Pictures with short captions
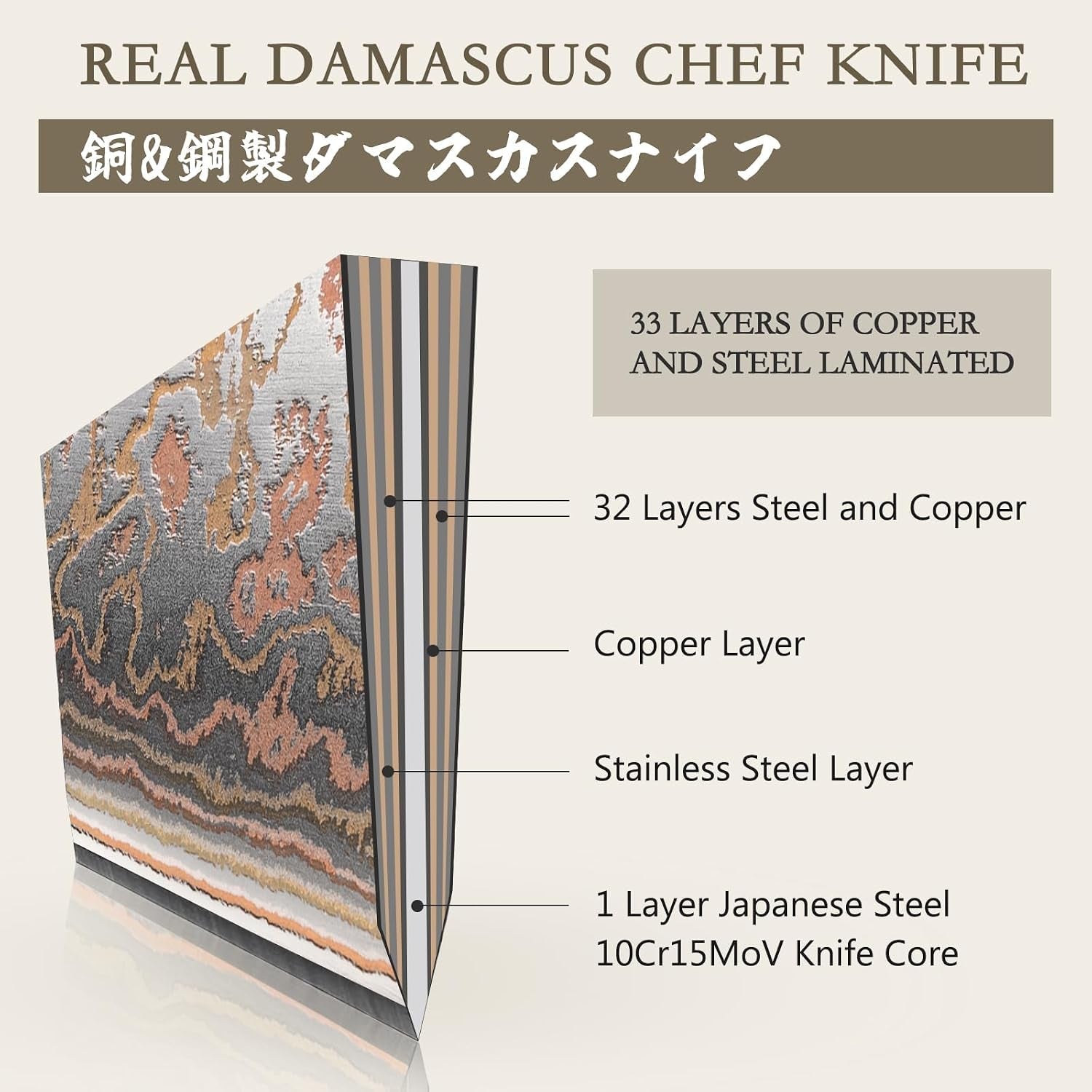 damascus-chef-knife-8-inch-japanese-kitchen-knives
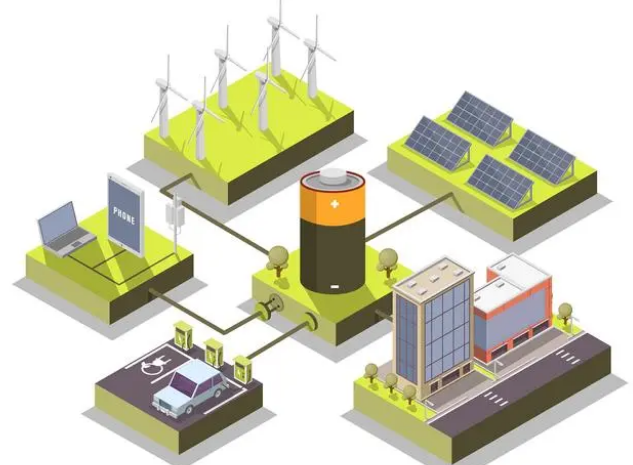 前景分析储能电源市场（防爆泄压阀的应用）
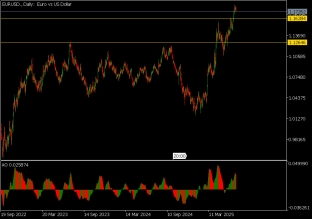eurusd-7-7-2025-2025-07-07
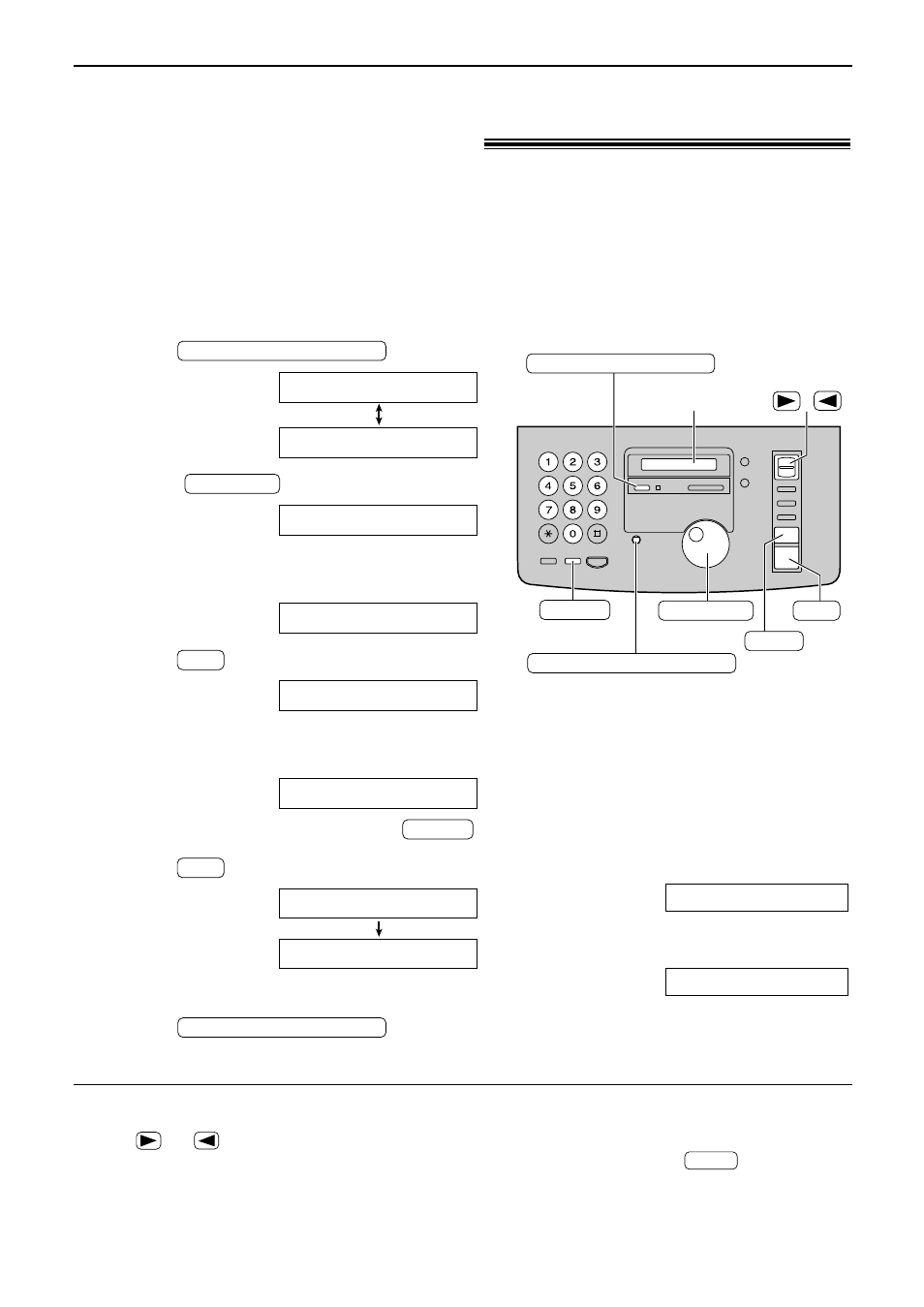 Jog dial | Panasonic 2000 User Manual | Page 30 / 84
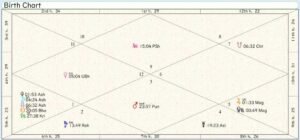 Scotland Birth Chart 01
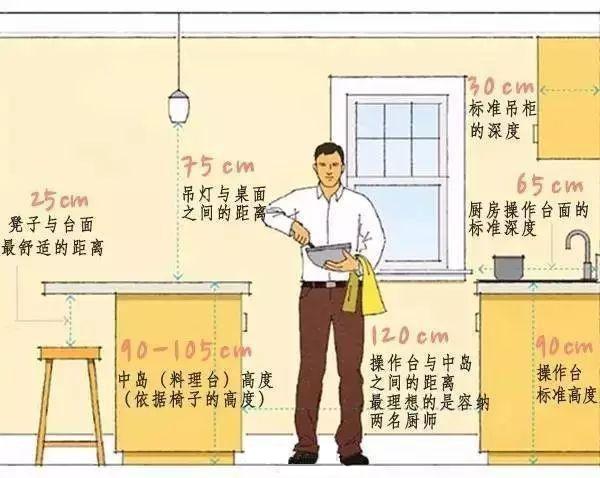 装修小白请进！9张图，装修基本尺寸一网打尽！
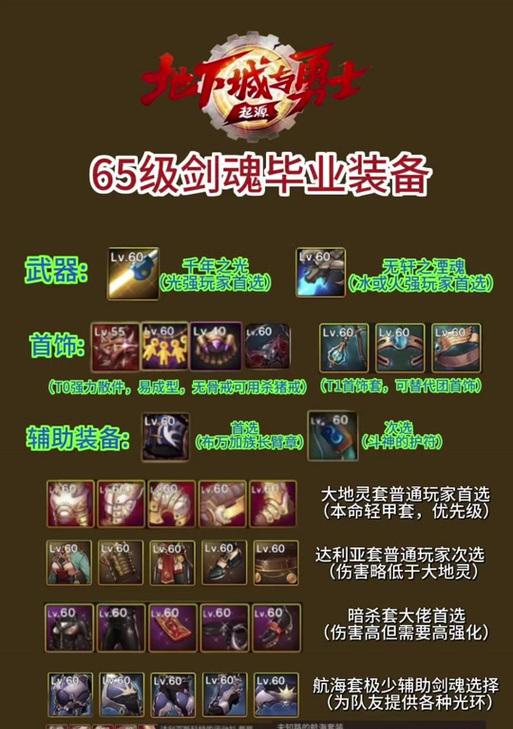狂人剑魂流派怎么选择技能？技能选择的策略是什么？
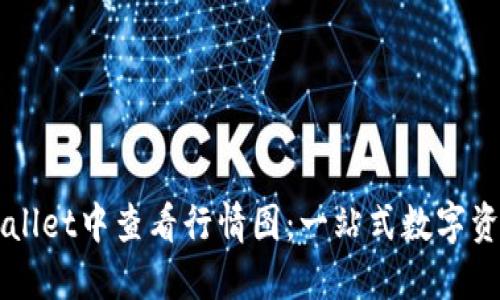 如何在TPWallet中查看行情图：一站式数字资产投资指南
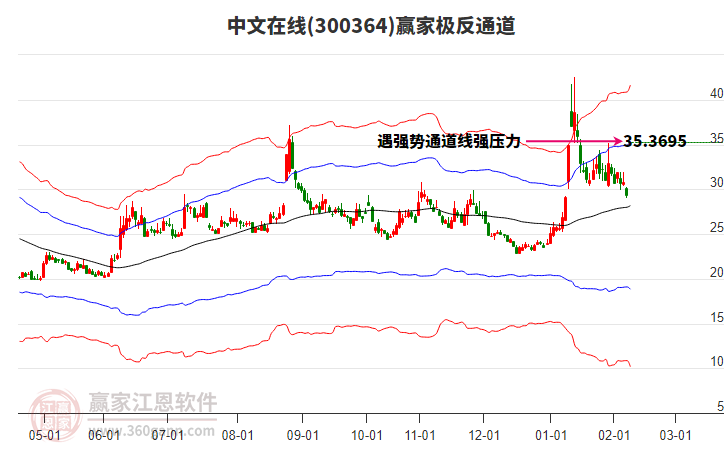 300364中文在線贏家極反通道工具
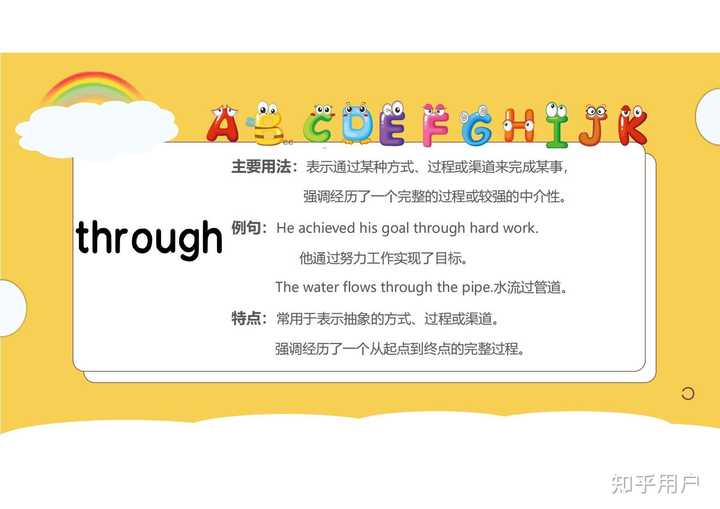 英语里面through和by做为通过的意思区别是什么? - 知乎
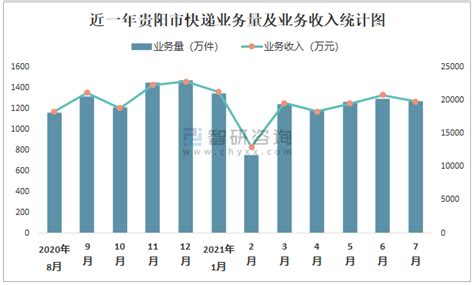 2021年7月贵阳市快递业务量与业务收入分别为1266.98万件和19853.25万元_智研咨询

◆ **TASK OBJECTIVE**
Your answer must be an exact copy of the data above, minus its pictures.

◆ **PROBLEM SOLUTION**
 damascus-chef-knife-8-inch-japanese-kitchen-knives
 前景分析储能电源市场（防爆泄压阀的应用）
eurusd-7-7-2025-2025-07-07
 Jog dial | Panasonic 2000 User Manual | Page 30 / 84
 Scotland Birth Chart 01
 装修小白请进！9张图，装修基本尺寸一网打尽！
狂人剑魂流派怎么选择技能？技能选择的策略是什么？
 如何在TPWallet中查看行情图：一站式数字资产投资指南
 300364中文在線贏家極反通道工具
 英语里面through和by做为通过的意思区别是什么? - 知乎
 2021年7月贵阳市快递业务量与业务收入分别为1266.98万件和19853.25万元_智研咨询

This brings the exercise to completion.